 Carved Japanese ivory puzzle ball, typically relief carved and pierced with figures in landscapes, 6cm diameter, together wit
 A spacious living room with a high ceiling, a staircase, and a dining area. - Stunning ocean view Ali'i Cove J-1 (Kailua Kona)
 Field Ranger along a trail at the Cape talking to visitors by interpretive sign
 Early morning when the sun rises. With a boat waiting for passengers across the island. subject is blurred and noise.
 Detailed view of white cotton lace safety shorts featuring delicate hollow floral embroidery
□ □ □ □
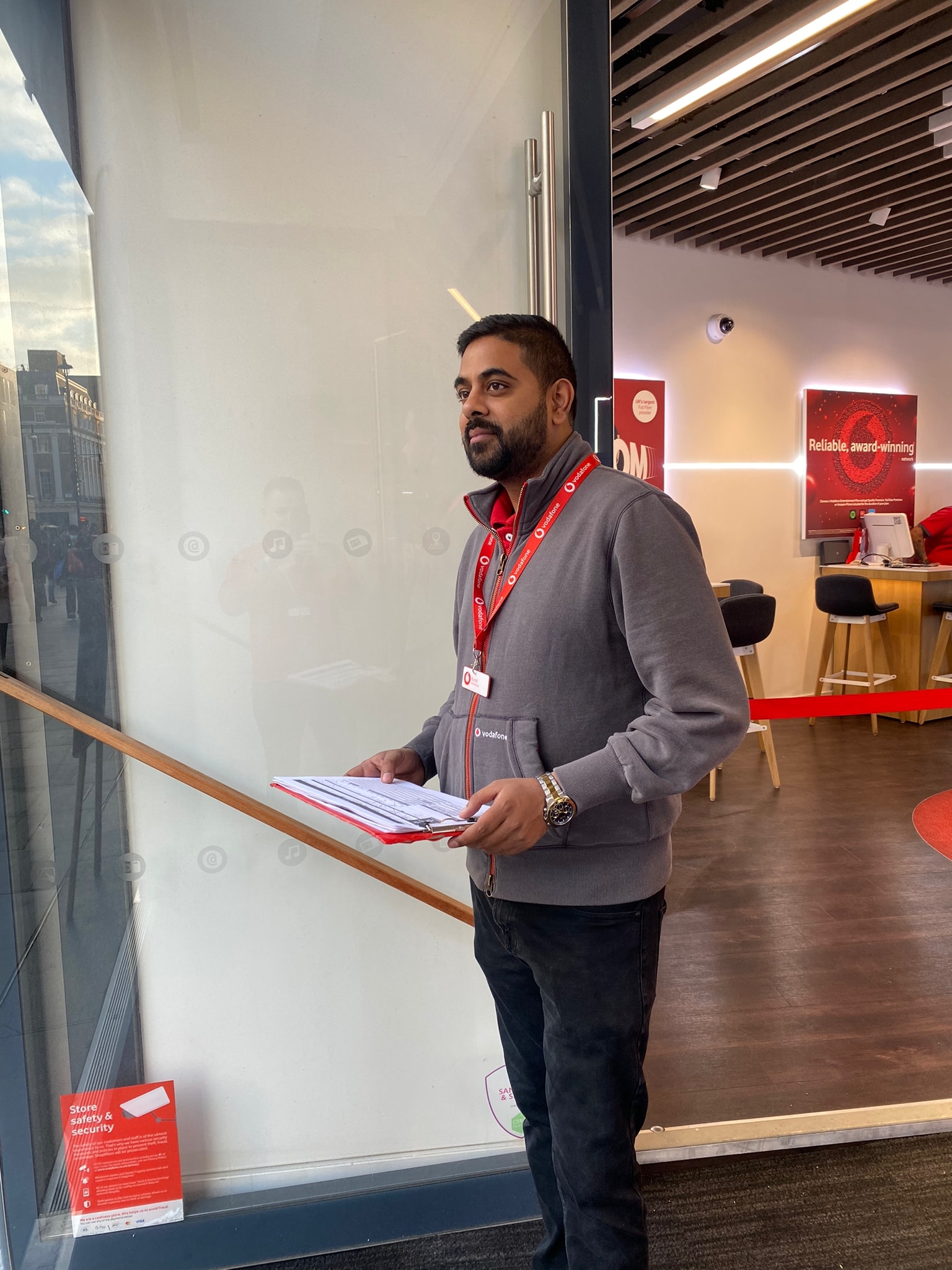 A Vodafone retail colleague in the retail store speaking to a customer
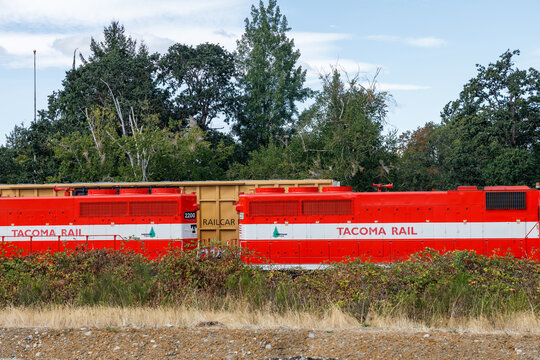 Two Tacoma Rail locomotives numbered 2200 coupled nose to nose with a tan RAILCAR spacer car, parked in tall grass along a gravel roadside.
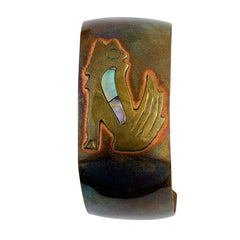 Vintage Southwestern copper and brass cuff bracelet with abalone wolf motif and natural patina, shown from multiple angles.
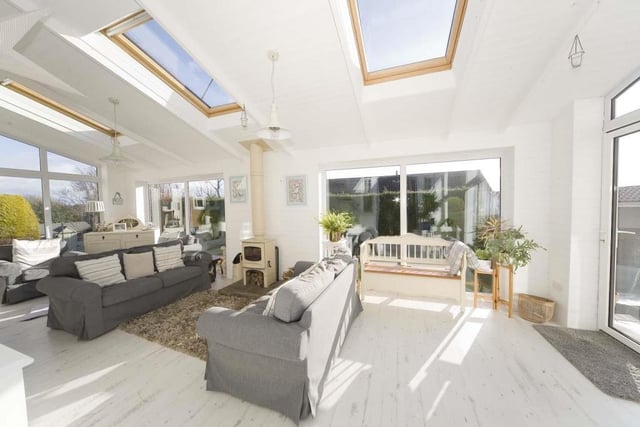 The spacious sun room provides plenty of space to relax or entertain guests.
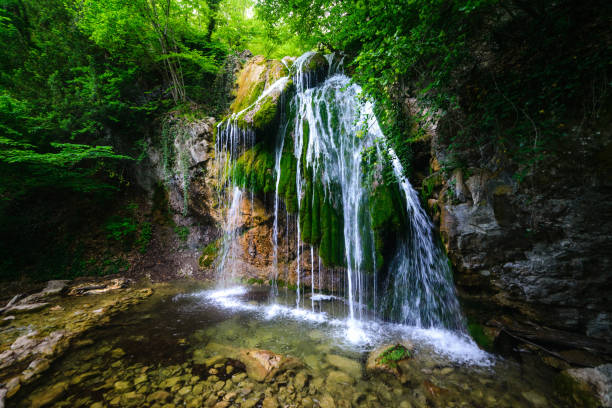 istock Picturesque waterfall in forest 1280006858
□ □ □ □
Exercise requirements:
An exact copy of the lines above between the line holding "Field Ranger along" and the line holding "Detailed view of", inclusive, is the whole answer.

Task response:
 Field Ranger along a trail at the Cape talking to visitors by interpretive sign
 Early morning when the sun rises. With a boat waiting for passengers across the island. subject is blurred and noise.
 Detailed view of white cotton lace safety shorts featuring delicate hollow floral embroidery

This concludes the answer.